CONCORD (LN) — U.S. District Judge Paul J. Barbadoro on Tuesday denied Sig Sauer Inc.’s motion for summary judgment in a patent infringement lawsuit brought by NST Global, LLC, finding genuine disputes of material fact over whether the firearm manufacturer’s pivoting contour brace infringes two of NST’s patents for forearm-gripping stabilizing attachments.
NST, which does business as SB Tactical, alleges that Sig Sauer’s pivoting contour brace, or PCB, infringes U.S. Patent No. 8,869,444 and U.S. Patent No. 9,354,021. The patents cover devices designed to help handgun users steady their weapons, particularly when shooting with one hand.
The patents describe a stabilizing attachment with a body that includes a passage for the handgun’s support structure and a lower portion that is “bifurcated so as to define a pair of spaced flaps” to receive a user’s forearm.
Sig Sauer argued its PCB does not literally infringe the patents because the handgun’s support structure is not “telescopically receivable” in the brace’s body. The defense contended that the support structure is attached to the body by a washer, screw, and fastening cap, meaning it cannot be removed without loosening the screw and removing the cap.
Barbadoro rejected that argument, ruling that the “telescopically receivable” limitation is drawn to capability rather than structure. Under Federal Circuit precedent, an accused device infringes if it is “reasonably capable of satisfying the claim limitations” without significant modification.
NST presented evidence that the PCB’s brace flaps can be removed by hand using the thumbscrew included with the product. NST’s expert reported he could “easily remove the brace flap portions [of the accused product] by hand, using components already present on the Accused Products.” The expert performed this removal at a gun shop “by loosening the rear thumb screw by hand with no tools.”
The court found this evidence sufficient to raise a triable issue as to whether the PCB is reasonably capable of removable insertability without significant alteration. Barbadoro noted that Sig Sauer failed to adequately develop its counterarguments regarding insertability, leaving the court unable to assess their merits.
The judge also denied summary judgment on Sig Sauer’s argument that the PCB’s body is not “bifurcated.” Sig Sauer argued the accused product consists of two separate bodies, each with its own flap, rather than a single body that divides into flaps.
Barbadoro pointed to his earlier claim construction order, which determined that the term “body” can be comprised of multiple components. He wrote that a reasonable juror could find that the two separate brace flaps, when assembled and held together at their upper portions, form a single structure that constitutes a single “body.”
The court also addressed Sig Sauer’s procedural argument that NST forfeited its doctrine of equivalents claim by failing to provide a detailed disclosure in its final infringement contentions. While Barbadoro agreed that NST’s disclosure was conclusory and failed to explain “why and how” the doctrine applied, he declined to preclude the claim at this stage.

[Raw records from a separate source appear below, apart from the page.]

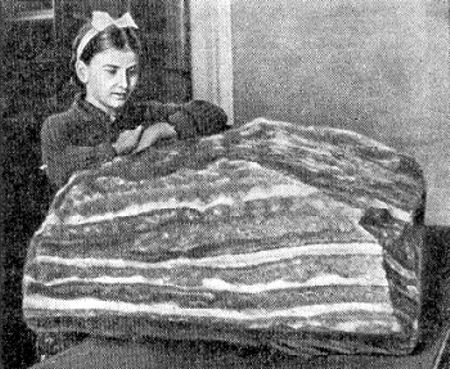 Silvinita, roca compuesta por capas de silvita y halita. Yacimiento de Solikamsk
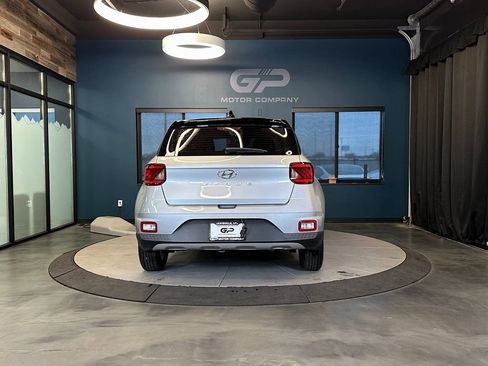 Used 2021 Hyundai Venue SE FWD image 4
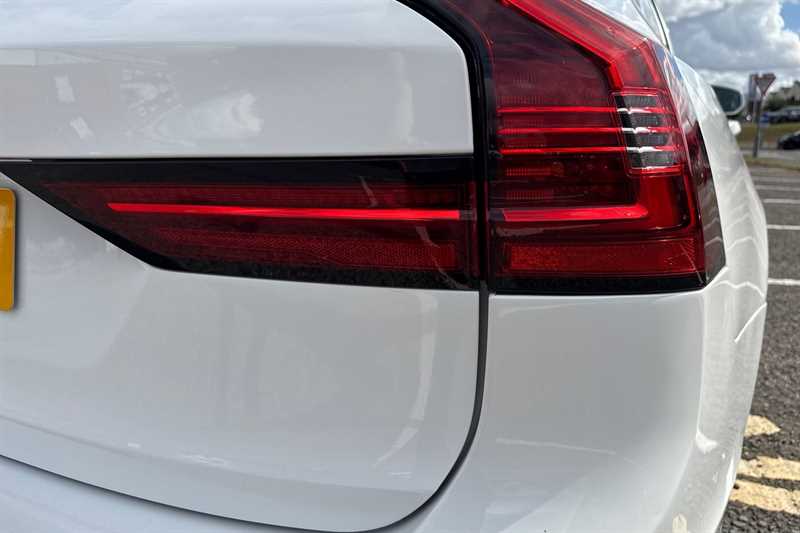 Used Volvo V90 Cross Country 2022 for sale - 76945001: Photo 33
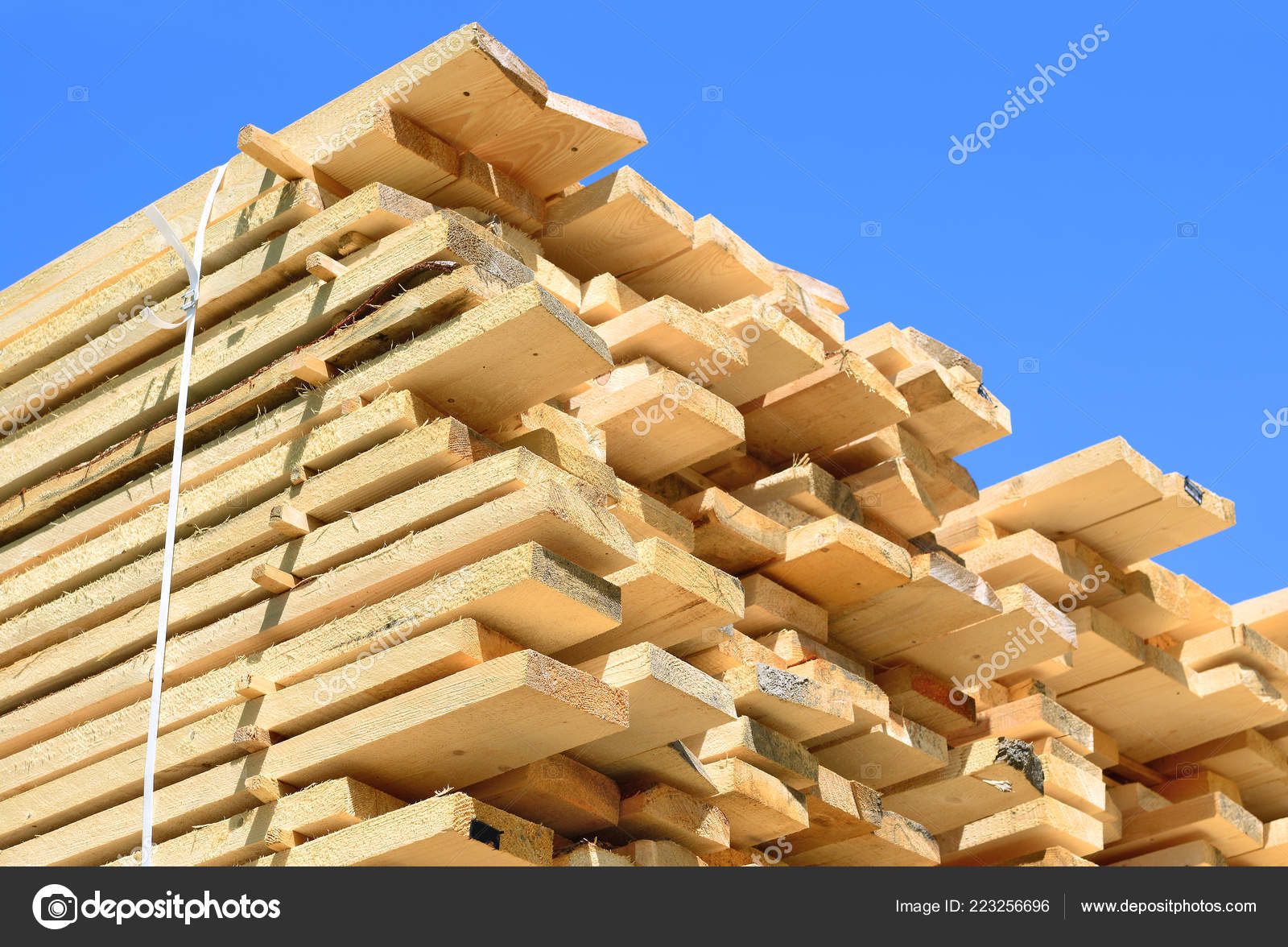 Eaves Boards Stacks Stock Photo by ©smereka 223256696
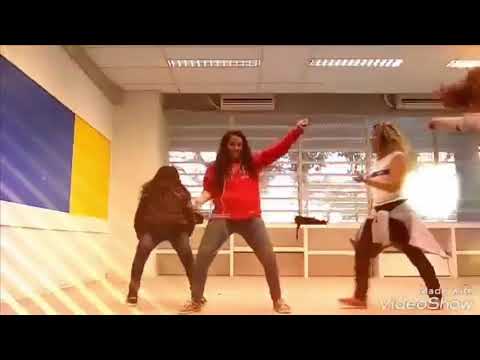 GAROTAS DANÇANDO FUNK - THAINARA,RAISSA,LAISLA E GIOVANA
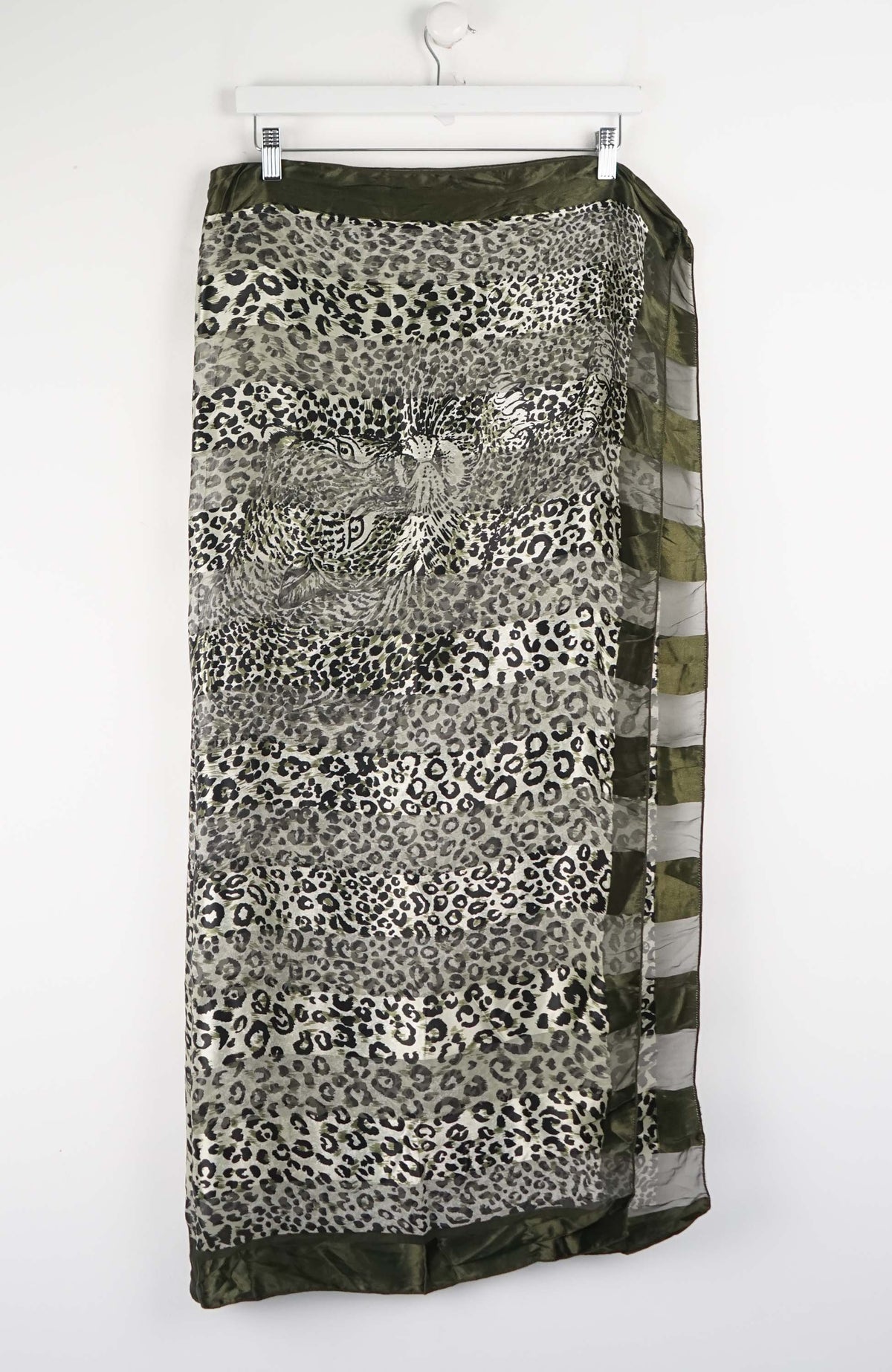VINTAGE SCARF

The judge noted that the local rules allow him to excuse failures to comply when justice requires, and that neither party had sufficiently briefed whether the failure was substantially justified or harmless. He reserved the question of sanctions for a later date.
NST and Sig Sauer were previously in a business relationship, with Sig Sauer serving as the exclusive distributor and licensee of NST’s forearm-stabilizing attachment before developing its own PCB in 2018.
The case is NST Global, LLC v. Sig Sauer Inc., case number 1:19-cv-00792, in the U.S. District Court for the District of New Hampshire.